First time I heard this album, I was curled up in the back seat of my friend’s car coming back from a role playing convention in Cork. I was the only person in the car who’d been drinking the night before and I thought I was going to die. Picture me trying to get some sleep while my mate Paul thought it would be a good time to get evangelical about the Furries and play me Rings Around the World. 

This was not a great idea. In my sorry state, I thought this was the worst album to ever be recorded and that it had been designed by Satan himself to make me suffer. This wasn’t my first time hearing SFA, I’d seen them supporting Blur and at Glastonbury but had never got round to checking them out. However, this wasn’t a great introduction to a band and not a memory I treasure.

A while later, Paul loaned me the DVD the band put out for the Rings album. One night, with the flat to myself and while slightly inebriated, I put it on and suddenly it clicked. The album’s sprawling genre blending finally made sense, and from then I was hooked and the Furries quickly became one of my favourite bands.  

Musical necrophilia was easily one of the worst pop culture sins of the 90’s. Bands were ripping off 60’s and 70’s acts shamelessly while adding nothing new. SFA, although steeped in 60’s psychedelia, used it as a staging point for whatever cosmic ideas moved them. Techno, IDM, Metal, 80’s pop, all of it was all fair game for a band who seemed to wholeheartedly believe that staying in one musical lane is for losers. The lead singer, Gruff, has one of the best voices in music but the band’s not so secret weapon is that the other band members are just as talented and the vocal harmonies are rivalling the Beach Boys. 

This is the second album to feature Paul McCartney eating celery. Which isn’t a lot but it’s weird that it happened twice. The fact that it’s happening on Receptacle for the Respectable, the heaviest song on the album, is very funny to me. 

Rings stands out for its lyrics almost as much as its music. Gruff has a very unusual, surreal way of looking at the world. Lines like “as subtle as a nail bomb to the head” fly past name checks to 90’s Japanese Cyberpunk films and lamenting sheep that were never cloned. 
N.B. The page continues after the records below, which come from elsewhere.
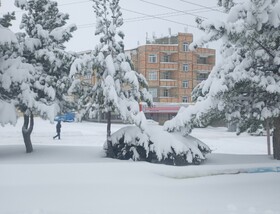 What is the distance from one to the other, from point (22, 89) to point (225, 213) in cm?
867

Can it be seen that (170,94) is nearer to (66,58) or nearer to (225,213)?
(66,58)

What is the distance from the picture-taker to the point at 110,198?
7383 millimetres

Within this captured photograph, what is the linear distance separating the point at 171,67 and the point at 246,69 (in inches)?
1943

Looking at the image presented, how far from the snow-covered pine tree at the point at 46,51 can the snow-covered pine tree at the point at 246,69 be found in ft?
16.1

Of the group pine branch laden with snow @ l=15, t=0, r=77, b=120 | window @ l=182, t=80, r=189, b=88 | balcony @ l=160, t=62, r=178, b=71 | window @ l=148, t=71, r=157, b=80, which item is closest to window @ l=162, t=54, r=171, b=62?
balcony @ l=160, t=62, r=178, b=71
With Rings, we have an album that you can clearly hear who it’s been influenced by, but still, somehow, manages to sound like no one else. You would never mistake this album for any other band. The band was on fire at this point and for me this is peak SFA. So much imagination, so musically adventurous and most of all, is as much fun as dressing as a Yeti and rocking out on stage.

What an album, there truly is nothing out there like it.